Teaching Philosophy
For me, art is a powerful teacher, and teaching is a delicate art.
Art teaches when it has something to say, or reveals new ways to see, hear, think, or feel. However, instruction without a degree of sensitivity to the audience can leave them feeling cold, or even work against the artist’s message. Great artists, like great teachers, show respect for their audience as free-thinking individuals by leaving them the space to contemplate the themes and arrive at their own conclusions, rather than imposing a viewpoint upon them.
Artists also take pains to perfect their style, creating something beautiful and alluring in service to both their audience and their message. Humanists such as Petrarch remind us that beauty is no mere ornament, but something ennobling and transcendental that speaks to the soul and draws us toward truth and virtue. So, by creating work that is beautiful, artists entice us to stay long enough to experience what they have to offer.
Or, as Horace advised in the Ars Poetica:
“He who joins the instructive with the agreeable, carries off every vote, by delighting and at the same time admonishing the reader.”
The art of teaching is, in part, the ability to make the hardships of learning both enjoyable and rewarding. At times this calls for bringing elements of play and humour into our lessons.

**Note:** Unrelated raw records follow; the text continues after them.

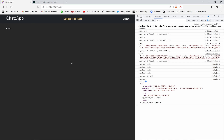The next thing we need to do is display the details of the user we're chatting with. If logged in as Charles, we should display John's details, and vice versa. We'll see how to do that in the next episode.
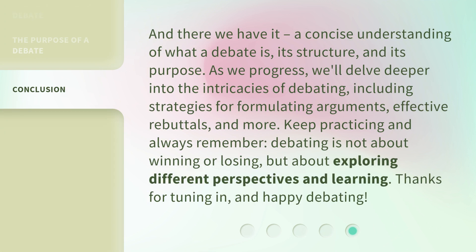And there we have it — a concise understanding of what a debate is, its structure, and its purpose. As we progress, we'll delve deeper into the intricacies of debating, including strategies for formulating arguments, effective rebuttals, and more. Keep practicing and always remember: debating is not about winning or losing, but about exploring different perspectives and learning. Thanks for tuning in, and happy debating!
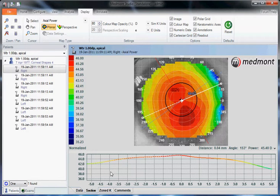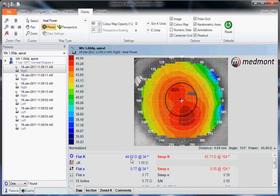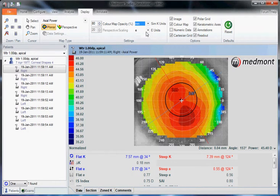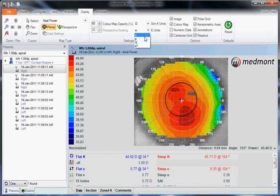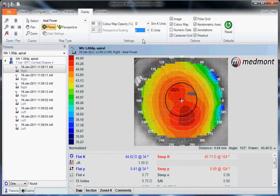If you prefer to think in terms of key readings in millimeters, you can change your simulated K readings to millimeters from diopters. Or if you think in terms of shape factors rather than E value — whether you prefer P, Q, or E squared — you can change those here.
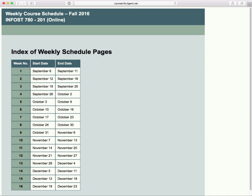Hi, this is Kevin Trainor and I'd like to welcome you to my welcome lecture for the course Info 780201 in the fall of 2016. This is the lecture where I introduce the course and go over the syllabus. Right now what we're looking at is the index page of our weekly schedule.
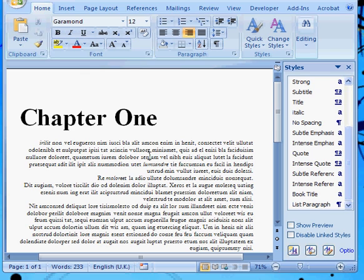So I hope that that's shown you that defining and using paragraph and character styles is relatively straightforward. In the next tutorial we're going to look at what to do when you've got an existing document that's full of manual formatting, and you need to convert it into styles.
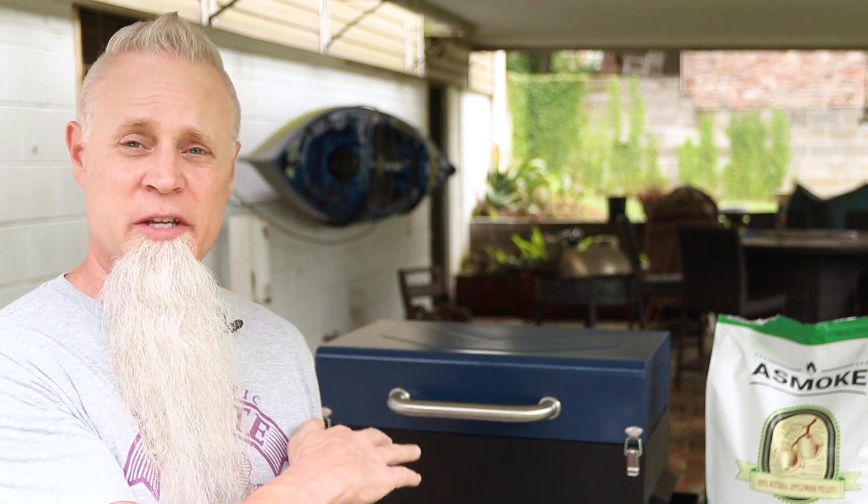I do want to throw this out there that this particular model here that you're about to see is a prototype that was sent to me from A-Smoke. There are a couple of added features that I will address in the video that are actually not on this particular model.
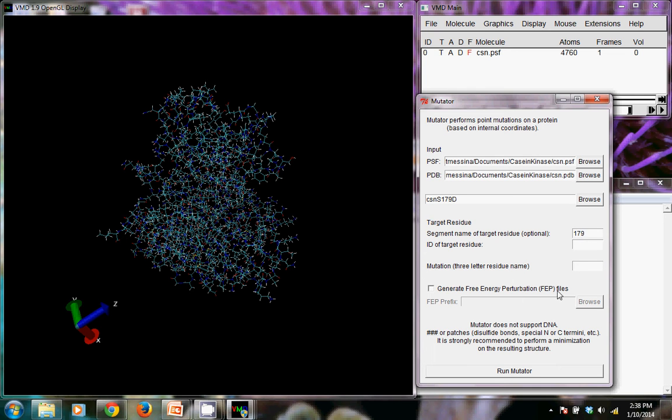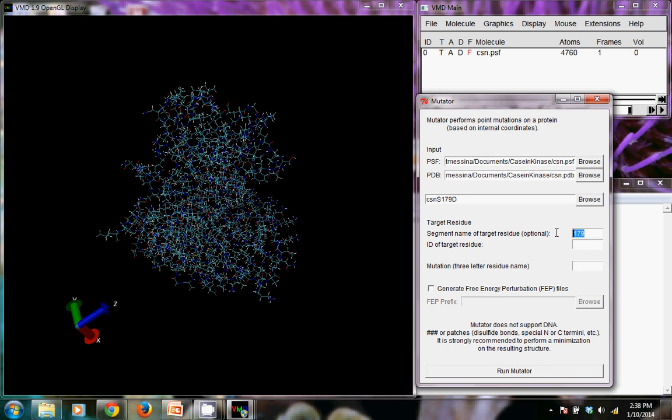That's 179. We actually don't need that. That's an optional input there. The target ID is the 179. That's the residue that we're trying to mutate.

At other times, we must break difficult truths to students, perhaps to reveal some issue before helping to resolve it — which calls for subtlety and a delicate touch.
Erasmus also advocated this approach in his Letter to Christian Northoff (1497):
“A constant element of enjoyment must be mingled with our studies, so that we think of learning as a game rather than a form of drudgery, for no activity can be continued for long if it does not to some extent afford pleasure to the participant.”
This approach, I believe, is essential in the study of music, where a spirit of play and a desire to improve must be carefully balanced with one another. Otherwise, how can an audience take delight in our work if we, as musicians and artists, have not experienced the same delight in learning our craft? Or how can the audience experience what the work has to offer if the artist lacks the skill and craftsmanship to communicate its ideas with sufficient clarity?
Beyond this, I believe my aim as a teacher is not only to impart the art of learning, but also to share my lifelong love of it — and I hope my students may find a similar joy in their studies and in their approach to life.